__Supplied material__.

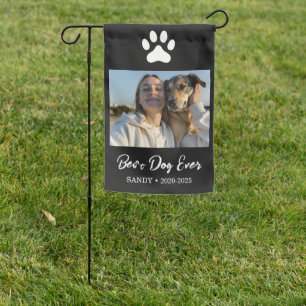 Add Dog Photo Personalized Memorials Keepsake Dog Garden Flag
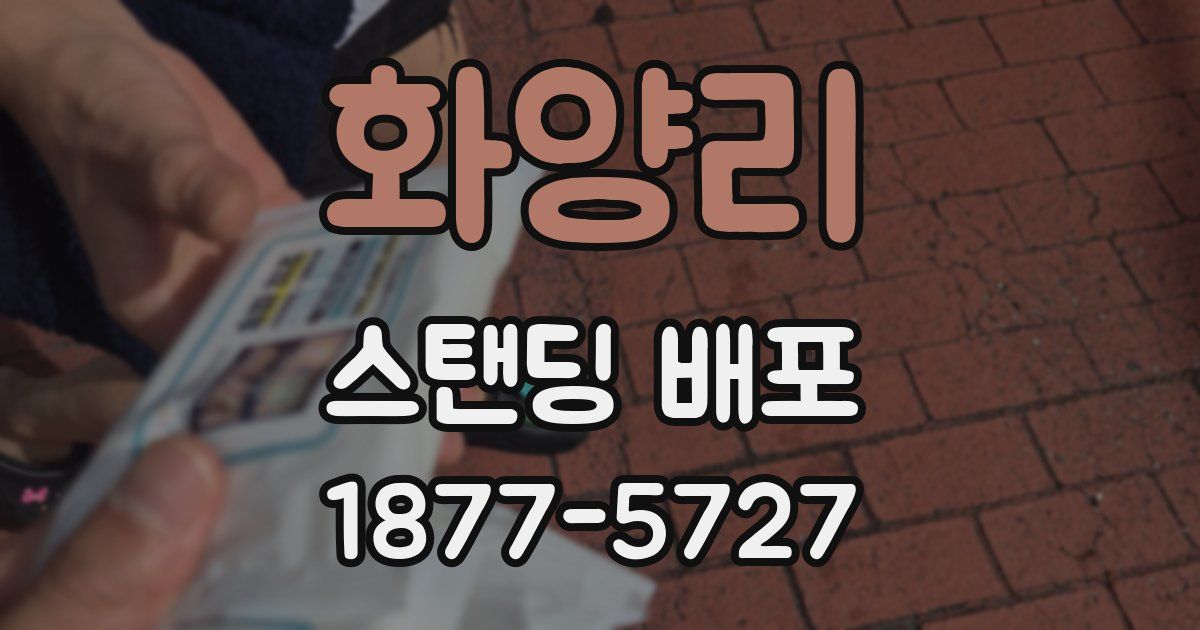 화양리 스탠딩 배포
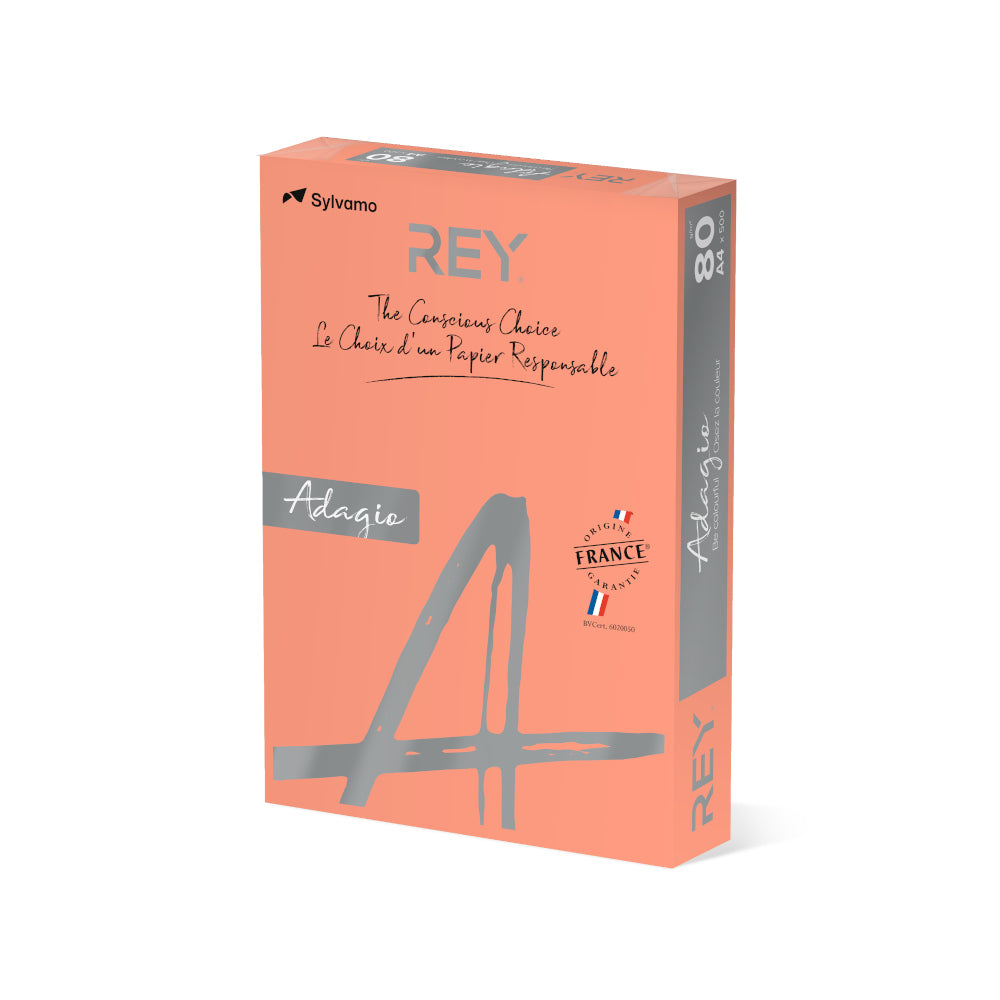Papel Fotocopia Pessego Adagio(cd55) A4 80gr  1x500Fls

__Task description__. Retype each line above precisely, please. Skip anything that is a picture.

__Expected answer__.
 Add Dog Photo Personalized Memorials Keepsake Dog Garden Flag
 화양리 스탠딩 배포
Papel Fotocopia Pessego Adagio(cd55) A4 80gr  1x500Fls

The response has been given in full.